O presidente da câmara de Oliveira do Hospital foi alvo de várias críticas na última assembleia municipal do ano, mas nem por uma só vez deu a mão à palmatória.

Assim é difícil

Não era obrigatório que o fizesse, mas sabemos que isso não faz parte do seu estilo, porque das duas uma: ou faz dos outros parvos ou, então, a culpa é de todos menos sua.

Criticaram-no pelo facto de uma autarquia permitir que certas obras públicas decorram de forma quase anárquica – nomeadamente as estradas entre Oliveira do Hospital e Felgueira Velha e Lagares da Beira e Meruge – e sob a total passividade do município.

É certo que todas as obras causam transtornos, mas qualquer cidadão com “dois olhos na testa” vê que aquelas empreitadas não só põem em risco a segurança dos cidadãos como são um verdadeiro atentado à segurança rodoviária. Por uma questão de economia de espaço, não vou entrar em detalhes. Os leitores – sobretudo os utentes daquela via – sabem que a as críticas são justas.

O problema é que Mário Américo Franco Alves não gosta que o seu trabalho autárquico seja escrutinado por quem quer que seja. Tem sempre uma defesa e a culpa ou é dos outros ou morre solteira. Ou são os técnicos, ou é o caderno de encargos da obra, onde nem sequer ficou prevista a pintura de uma traço de segurança… ou é o que lhe vier à cabeça no momento!

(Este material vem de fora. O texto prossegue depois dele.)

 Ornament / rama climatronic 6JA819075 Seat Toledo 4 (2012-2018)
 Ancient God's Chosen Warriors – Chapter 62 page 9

O senhor presidente da câmara é capaz de vir para a comunicação social afirmar – como ainda recentemente o fez – que quer fazer de Oliveira do Hospital um centro comercial a céu aberto, defendendo que para isso os comerciantes também têm que ser mais agressivos e adoptar uma nova postura. Pois bem, concordo plenamente! Mas chegou o Natal e o tão exigente autarca presenteou-nos com uma das iluminações mais pindéricas que já vi em toda a minha vida.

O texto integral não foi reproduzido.